ICE’s Sweeping L.A. Arrests Aren’t Even Catching Criminals: Report
More than half of the people ICE has arrested in Los Angeles have never even been charged with a crime.

White House deputy chief of staff Stephen Miller is getting exactly what he wants: One in seven people arrested as part of Immigration and Customs Enforcement’s sweeping raids in Los Angeles earlier this month had no criminal convictions, the Los Angeles Times reported.
Between June 1 and June 10, ICE arrested 722 individuals across the greater Los Angeles area. But 69 percent of those arrested had no criminal conviction, and 58 percent had never even been charged with a crime, according to a Times analysis published Tuesday of data from UC Berkeley Law’s Data Deportation Project.
Despite the Trump administration’s hollow assurances that ICE would target criminals, the reality of the government’s massive deportation scheme has targeted average upstanding individuals, ripping family members, friends, and neighbors out of their communities.

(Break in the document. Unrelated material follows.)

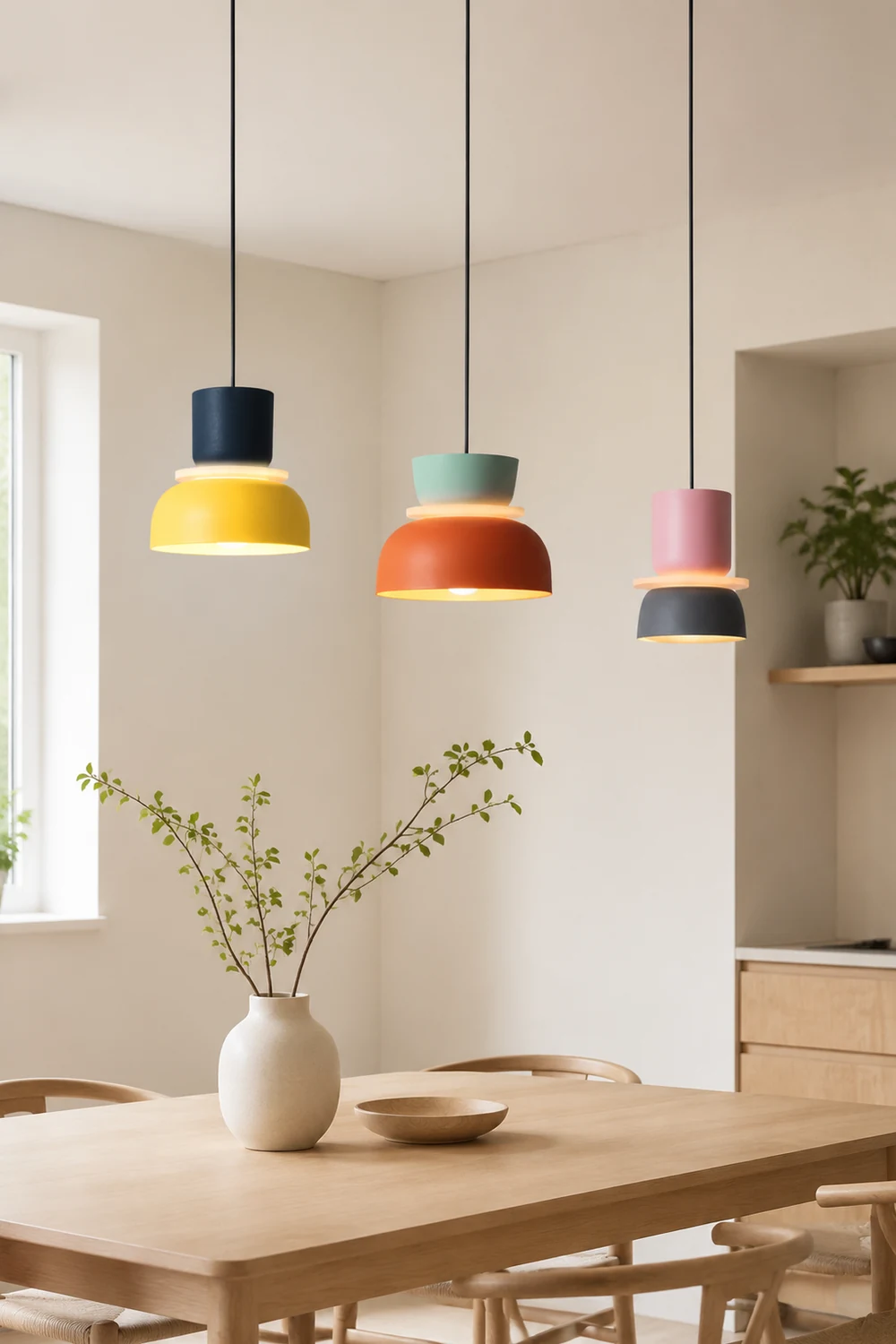 Morandi Nordische Makrone Pendelleuchte für Esszimmer - Lumpaz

But to Miller, who is on a campaign to ethnically cleanse the country, that must be music to his ears.
As ICE’s sweep of Los Angeles began at the beginning of June, Miller was reportedly furious when he heard that ICE officers had narrowed their field to undocumented immigrants with criminal records.
“Stephen Miller wants everybody arrested. ‘Why aren’t you at Home Depot? Why aren’t you at 7-Eleven?’” one official recalled after a tense meeting between the ghoulish homeland security adviser and officials from ICE and the Department of Homeland Security.
But DHS Assistant Secretary Tricia McLaughlin insisted to the Times that ICE arrests were “highly targeted.”
“We know who we are targeting ahead of time. If and when we do encounter individuals subject to arrest, our law enforcement is trained to ask a series of well-determined questions to determine status and removability,” McLaughlin said. But reports of other arrests suggest that ICE will detain someone even if they know they’re not the target.